Problem description » Using the records below, copy exactly the part that opens with the line holding "114 Holly St, Port" and closes with the line holding "Simple home made", minus the pictures.

Data under study »
============

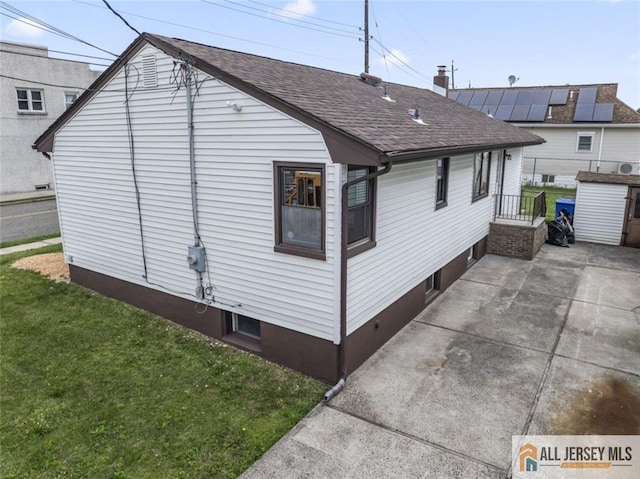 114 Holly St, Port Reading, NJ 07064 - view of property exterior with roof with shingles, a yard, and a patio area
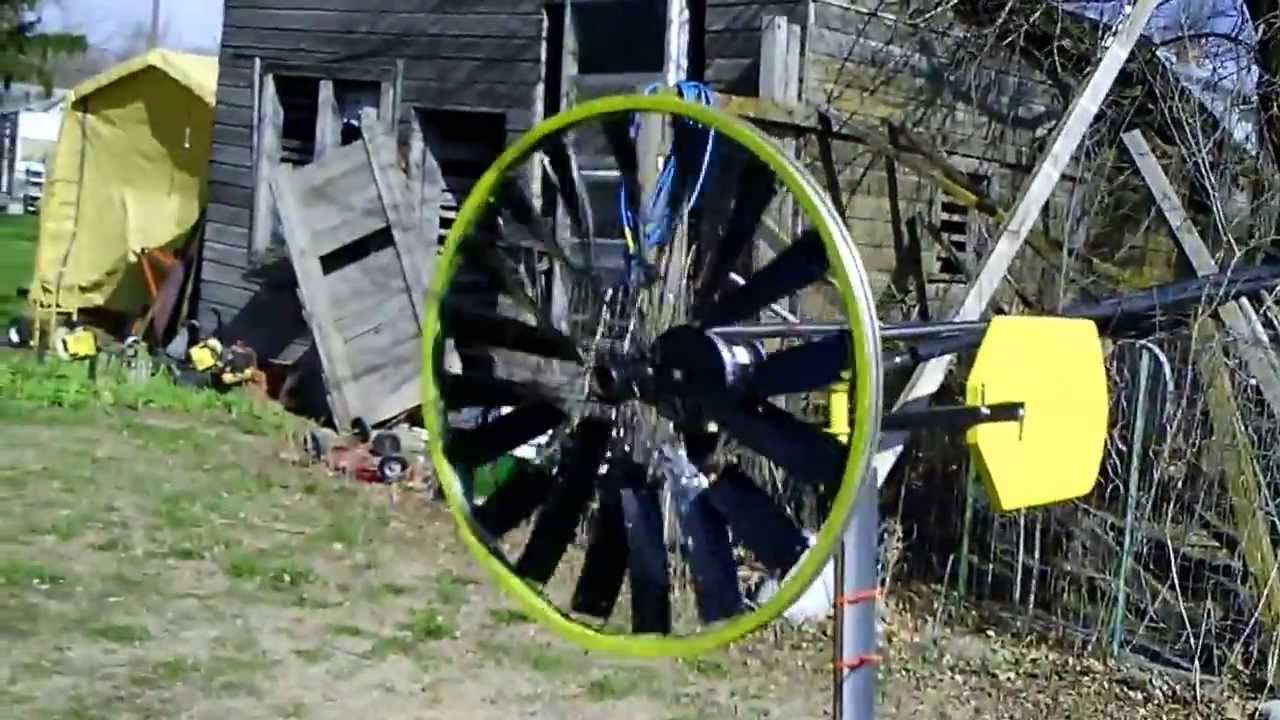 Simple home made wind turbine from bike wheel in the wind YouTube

============

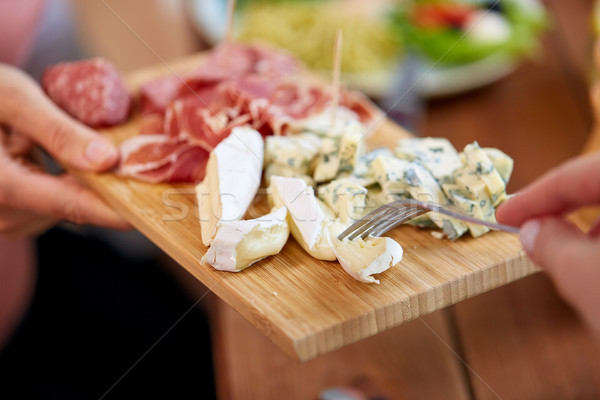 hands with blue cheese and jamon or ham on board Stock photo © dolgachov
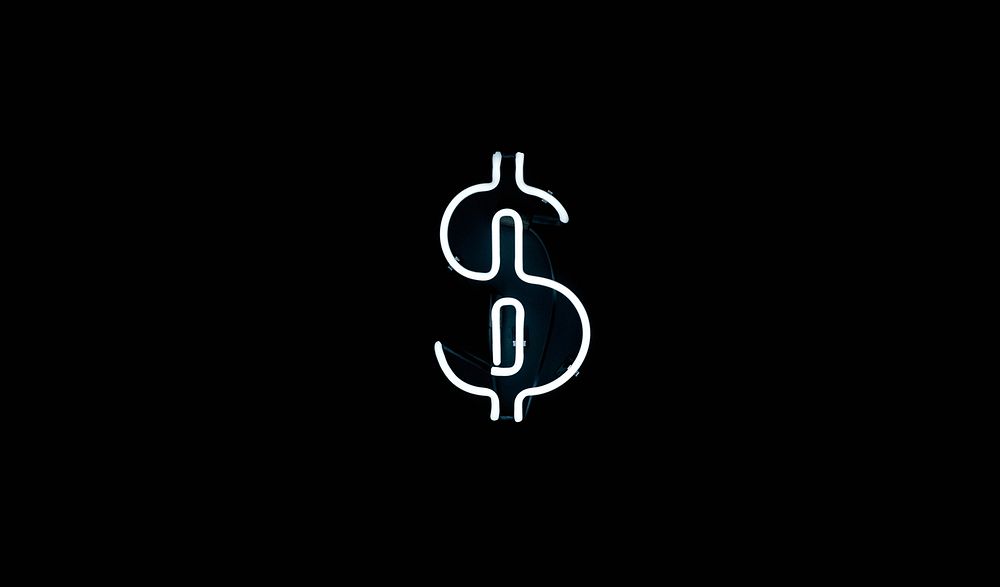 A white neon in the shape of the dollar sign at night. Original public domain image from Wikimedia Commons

============

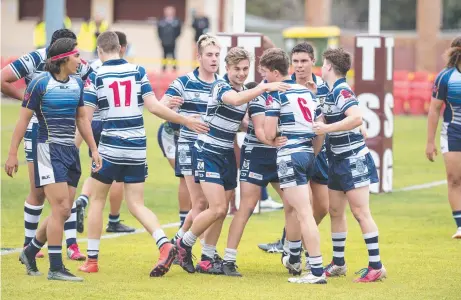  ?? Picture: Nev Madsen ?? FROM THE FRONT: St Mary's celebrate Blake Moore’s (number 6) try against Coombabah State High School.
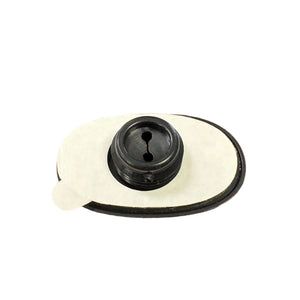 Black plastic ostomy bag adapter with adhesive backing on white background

============

Task output »
 114 Holly St, Port Reading, NJ 07064 - view of property exterior with roof with shingles, a yard, and a patio area
 Simple home made wind turbine from bike wheel in the wind YouTube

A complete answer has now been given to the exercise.